Fostering Innovation - How New Zealand Performs
The New Zealand picture on business innovation is mixed. Though the data show a healthy, flexible economy with the potential for high rates of innovation and productivity growth, we still have low rates of R&D, capital investment and investment in ICTs. Government provides or funds significant inputs to business - particularly education and training, research, science and technology, and infrastructure. Better identification of issues affecting firms' international competitiveness and coordination of public and private investments will improve the probability of successful innovation and help build scale through improved linkages. More directly, government also provides assistance through industry capability development and export promotion programmes.

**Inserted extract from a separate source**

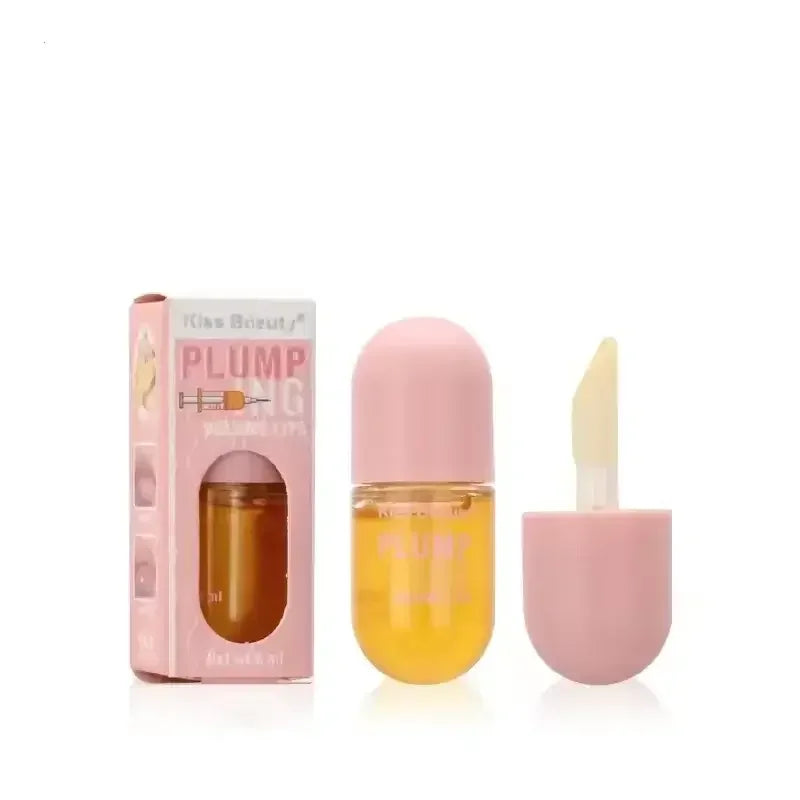 Kiss Beauty plumping lip serum in small pink and transparent bottle with applicator and pink box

Supporting innovation, New Zealand has:
- low barriers to firm start-ups and high rates of firm turnover
- a sound framework of business regulation and openness to trade, which keeps competitive pressures on domestic businesses
- high levels of participation in tertiary education and a moderately well-skilled workforce
But New Zealand also has:
- low (though fast growing) rates of R&D and particularly low rates of business R&D. While this largely reflects our industry structure and relative lack of large firms, the strong correlation between R&D and productivity growth suggests grounds for concern.
- low numbers of researchers, scientists and engineers in the private sector
- business investment rates that have been lower than the OECD median for most of the years from 1987-2003, though increasing rapidly over the last few years
- rates of investment in ICTs that are in the lower half of the OECD
- low uptake of broadband (in terms of percentage of population subscribing). A consequence is a limited broadband infrastructure with lower benefits to firms and higher costs.
- technological networks, important because they facilitate the transfer of knowledge and technology developed elsewhere, that appear to be weak.